Please check our Documentation for a recent list of topics.


This design is obsolete and was replaced by V3/DNS_Location_Mechanism.


A DNS RR FOR IP BASED LOCATION DISCOVERY (DRAFT)

Simo Sorce, Red Hat Geert Jansen, Red Hat

Introduction

Service Discovery is a process whereby a client uses information stored in the network to find servers that offer a specific service. It is useful for two reasons. First, it places the information required for the location of servers in the network, lessening the burden of client configuration. Second, it gives system and network administrators a central point of control that can be used to to define an optimized policy that determines which clients should use which server and in what order.

A standard for service discovery is defined in [RFC2782]. This standard defines a DNS RR with the mnemonic SRV and usage rules around it. It allows client to discover servers that offer a given service over a given protocol.

A drawback of [RFC2782] is that it assumes clients know the correct DNS domain to use as the query target. Without any further information, the client's options include using their own DNS domain and the name of the security domain in which the client operates (such as the AD domain name or the Kerberos REALM). Neither option is likely to yield optimal results however. One key service discovery requirement, especially in large distributed enterprises, is to choose a server that is close to a client. Doing this correctly can make the difference between a working and a non-working service. However, different considerations underlie the grouping of systems for the purpose of DNS domains and security contexts, and for the purpose of deciding network locality. For example, for locality purposes system administrators may want to group systems into groups corresponding to network subnets, but for security purposes they may want to group systems across organisational boundaries. Whatever option the client decides to take for a target for SRV based service discovery, if this target is not specifically destined for service discovery, an undesirable coupling is created between service discovery and the other use for the target.
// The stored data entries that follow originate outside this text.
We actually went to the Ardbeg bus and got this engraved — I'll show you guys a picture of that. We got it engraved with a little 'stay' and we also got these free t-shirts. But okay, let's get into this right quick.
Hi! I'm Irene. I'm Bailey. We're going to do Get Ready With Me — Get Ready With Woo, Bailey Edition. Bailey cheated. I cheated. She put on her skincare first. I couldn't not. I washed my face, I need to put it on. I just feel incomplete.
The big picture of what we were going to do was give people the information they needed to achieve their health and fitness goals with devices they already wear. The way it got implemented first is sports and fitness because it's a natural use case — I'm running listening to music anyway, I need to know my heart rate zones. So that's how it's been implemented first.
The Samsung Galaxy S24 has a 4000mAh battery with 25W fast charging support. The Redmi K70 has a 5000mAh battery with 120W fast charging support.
The incompleteness of [RFC2782] is acknowledged by systems such as [AD] that contain extra functionality to augment SRV lookups to make them site aware. The basic idea is to use a target in SRV service discovery that is specific to a location or "site" as AD parlance. This introduces location awareness into the SRV service discovery. Unfortunately though, the protocol that AD uses to determine a site for a client is not submitted as an Internet standard and also contains Microsoft specific features.
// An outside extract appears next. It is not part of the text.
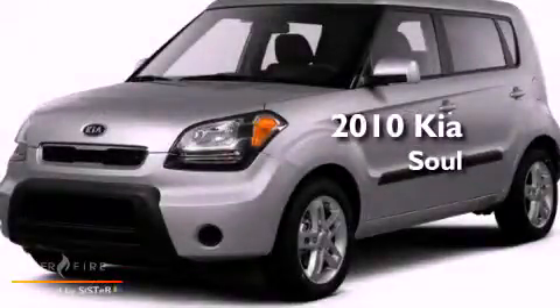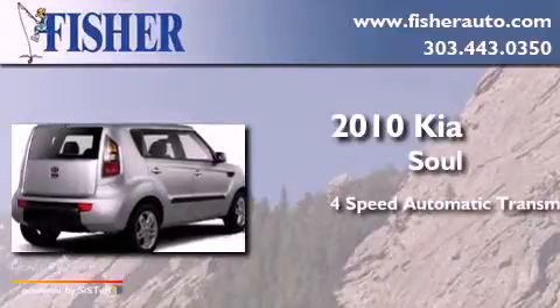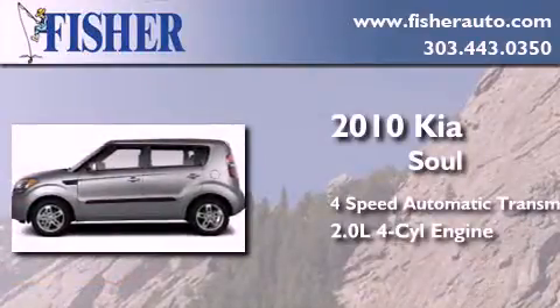This is a 2010 Kia Soul. This hatchback has a 4-speed automatic transmission and an inline 4-cylinder engine.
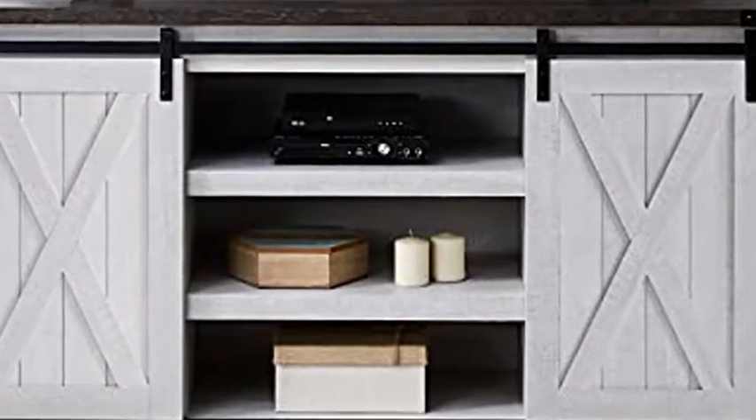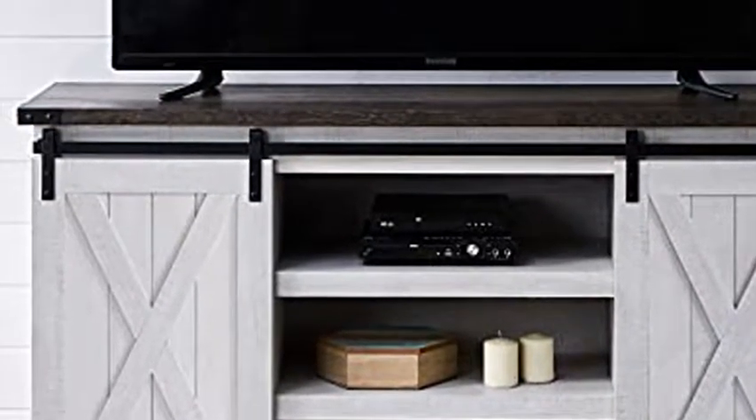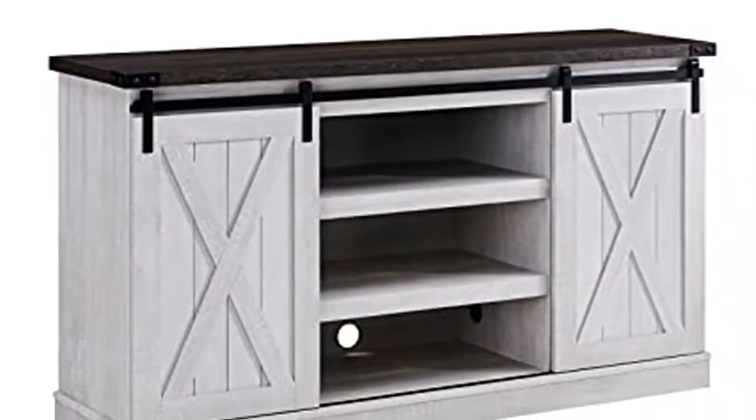EDYO Living Farmhouse Sliding Barn Door TV Stand for TV up to 65-inch flat screen, media console table storage cabinet, wood entertainment center, sturdy ranch rustic style, gray wash.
This document specifies a protocol for location discovery based on DNS. It introduces two new RRs for this, with the mnemonics SUBNET and SUBNET6. Clients can use the protocol to find out their location, based on their IP address and DNS domain name. The result of the location discovery is a DNS name that can then be used as a target for a subsequent, location aware, DNS SRV based service discovery.


The SUBNET and SUBNET6 records

The format of the SUBNET and SUBNET6 RR is as follows.
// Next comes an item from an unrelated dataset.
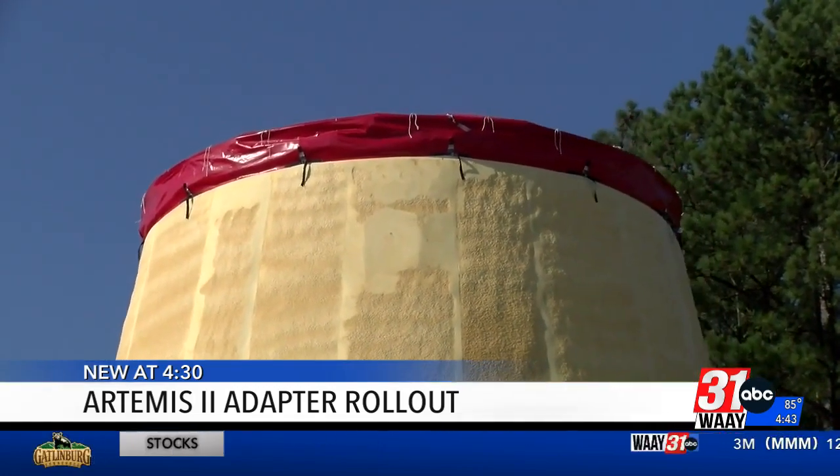It connects to the main piece. The main piece gets you out of Earth's orbit, but this piece says there's a second stage — we've got to be able to get people to the moon. So this is the piece which allows those two to connect together and make that happen.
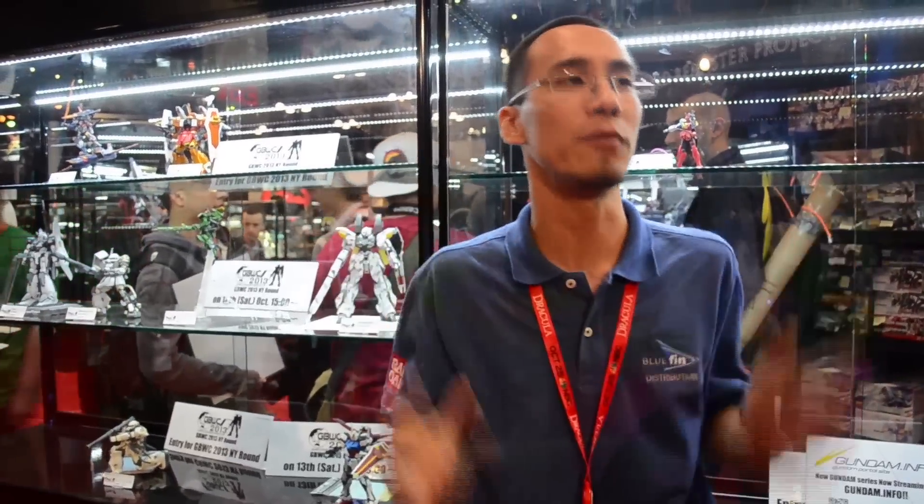Bluefin is also the exclusive distributor for Tamashii Nations and Bandai — we are the only ones officially allowed to bring in the product. For Bandai Hobby, we are the U.S. distributor, but there is also a Canadian distributor, so we don't have all of North America.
   <network> SUBNET  TTL CLASS <address> <prefix> <location>
   <network> SUBNET6 TTL CLASS <address> <prefix> <location>

The components are explained below.

<network>

A name for the network that is being described.

<address>

The start IP address for the network. This must be an IPv4 address for the SUBNET RR and an IPv6 address for the SUBNET6 RR.

<prefix>

The length of the network prefix in bits. Together, <address> and <prefix> form a CIDR subnet.

<location>

If <location> does not start with an underscore ('_') then this is the name of the location that corresponds to the subnet. The location is a plain DNS name that can be used as the target for a subsequent SRV query.

If the location starts with an underscore, then this is not a location but a reference to an intermediate SUBNET instead. SUBNET references are used to build index structures that make lookups more efficient in the case of a large number of subnets.


The Discovery Protocol

Clients use a DNS domain for location discovery. A SUBNET aware DNS domain MUST have a SUBNET record published under the name "_network". This record directly or indirectly points to all locations that are known for the domain. The name "_network" MUST resolve into one or more SUBNET records. Each record MUST NOT have overlap with any of the other records. In case the <location> part of the SUBNET RR does not start with an underscore, it points to the final location for this subnet. This location is used as the target for a SRV lookup.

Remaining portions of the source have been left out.